Ph.D. - Northwestern, 1998
Areas of Specialization: Culture, Conservative Social Movements, Education, Organizations
Email Address: abinder@ucsd.edu
Phone number: 858-534-0483
Office location: 492 Social Science
Building
Conservative Movements Workshop
Fall 2012
SOCI 115- Social Problems
SOCI 126- Social Organization of Education
Amy Binder received her B.A in Anthropology from Stanford University and her M.A. and Ph.D. in Sociology from Northwestern University. Her principal research interests are in the areas of cultural sociology, education, social movements, and organizations.
Her first book Contentious Curricula: Afrocentrism and Creationism in American Public Schools (Princeton 2002) explored two challenges made to public school social studies and science curricula. The book received the 2003 Best Book Prize of the Culture Section of the American Sociological Association, the 2003 Distinguished Scholarship Prize of the Pacific Sociological Association, and the 2004 Outstanding Book Award from the American Educational Research Association (AERA).
Professor Binder’s new book, Becoming Right: How Campuses Shape Young Conservatives, was published in January 2013. Co-authored with UC San Diego doctoral student Kate Wood, the book looks at how today’s right-leaning college students experience life on two university campuses—one an elite private institution, the other a major public university—and how they belong to a web of conservative organizations that provide considerable resources to them. In this work, the authors show that the college years are not simply a time when students consolidate their natural political inclinations developed in the family and high school but, rather, are a highly influential period during which students learn recognizable conservative styles, such as “provocation” and “civilized discourse.” Different conservative styles, in this view, are largely the result of specific university settings, and these styles have significant consequences in today’s larger political world.
Becoming Right has been reviewed widely, including in:
The New Republic (http://www.newrepublic.com/book/review/campus-conservatives-gop)

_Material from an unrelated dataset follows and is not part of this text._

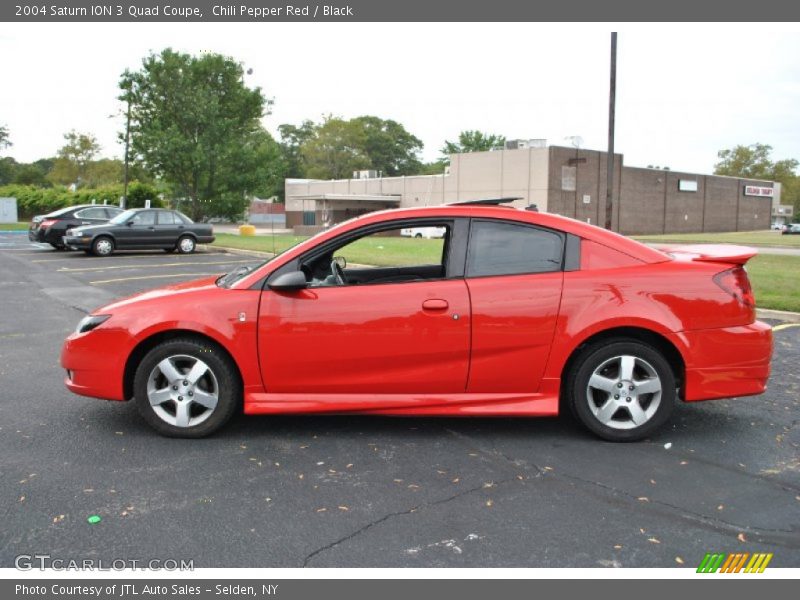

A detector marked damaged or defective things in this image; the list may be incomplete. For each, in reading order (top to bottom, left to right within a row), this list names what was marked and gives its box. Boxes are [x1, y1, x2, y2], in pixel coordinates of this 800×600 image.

pavement crack [304, 476, 516, 564]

The Chronicle of Higher Education (http://forums.chronicle.com/article/Conservative-Styles-in-Campus/135958/#top)
Times Higher Education (http://www.timeshighereducation.co.uk/story.asp?storycode=422225)
Inside Higher Ed (http://www.insidehighered.com/news/2012/12/04/new-book-says-campus-environment-plays-role-students-political-identities)

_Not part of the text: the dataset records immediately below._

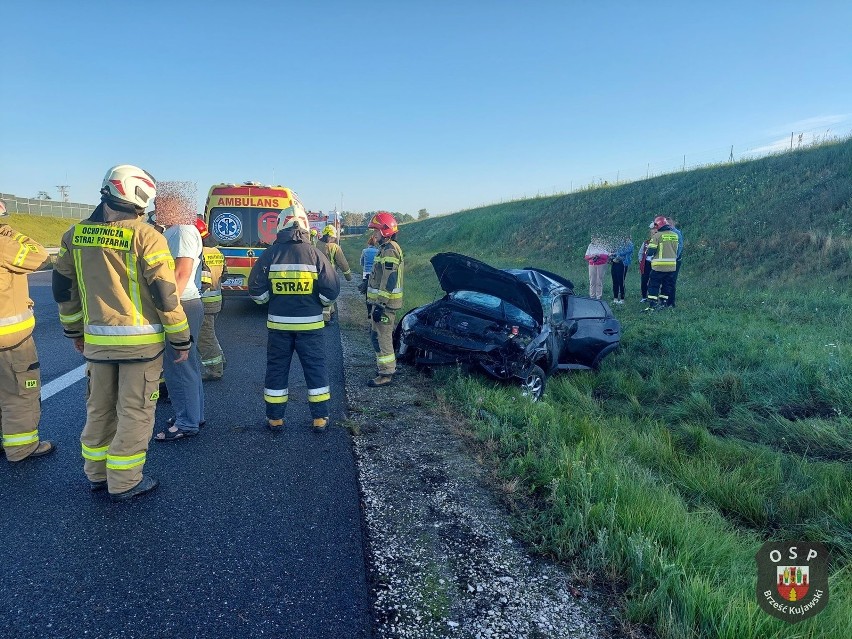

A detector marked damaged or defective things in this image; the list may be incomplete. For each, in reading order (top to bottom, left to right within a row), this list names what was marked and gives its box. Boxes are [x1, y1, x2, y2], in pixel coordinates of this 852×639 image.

crumpled car hood [430, 252, 544, 324]
shattered car window [452, 292, 532, 328]
damaged car [396, 251, 624, 398]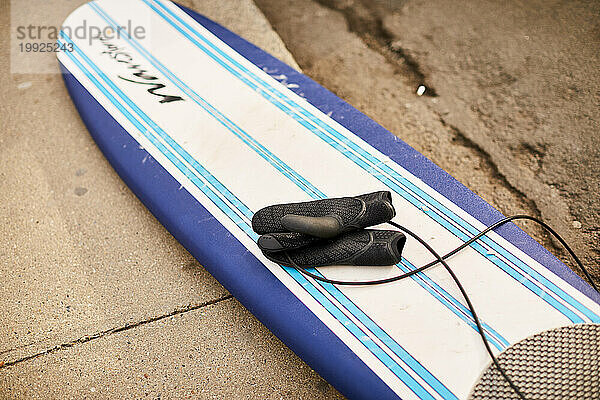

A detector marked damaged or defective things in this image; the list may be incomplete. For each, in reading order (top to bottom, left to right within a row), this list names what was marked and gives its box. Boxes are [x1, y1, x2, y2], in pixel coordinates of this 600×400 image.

crack in concrete [0, 294, 233, 368]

Professor Binder’s new projects include a comparative study of college-age libertarians and conservatives (with Liana Gamber Thompson); political polarization of the media, using a Big Data, or computational, approach to data collection and analysis (with Edward Hunter); and a comparative study of three elite universities’ differing influence on students’ career aspirations—in particular, their aspirations for careers in finance, law, and consulting.
Professor Binder is a member of the Scholars Strategy Network and will be deputy editor of the journal Sociology of Education 2013-2016, working alongside Rob Warren (editor), Hyunjoon Park (deputy editor) and Eric Grodsky (deputy editor).
At UC San Diego she is a founding member and organizer of an interdisciplinary workshop called The Workshop for the Study of Conservative Movements and has co-organized four UCSD Culture Conferences, resulting in a widely read special issue of The Annals of the American Academy of Political and Social Science called “Cultural Sociology and Its Diversity”
Professor Binder also is a board member for The Preuss School, UC San Diego’s award-winning charter middle and high school for first generation college-goers.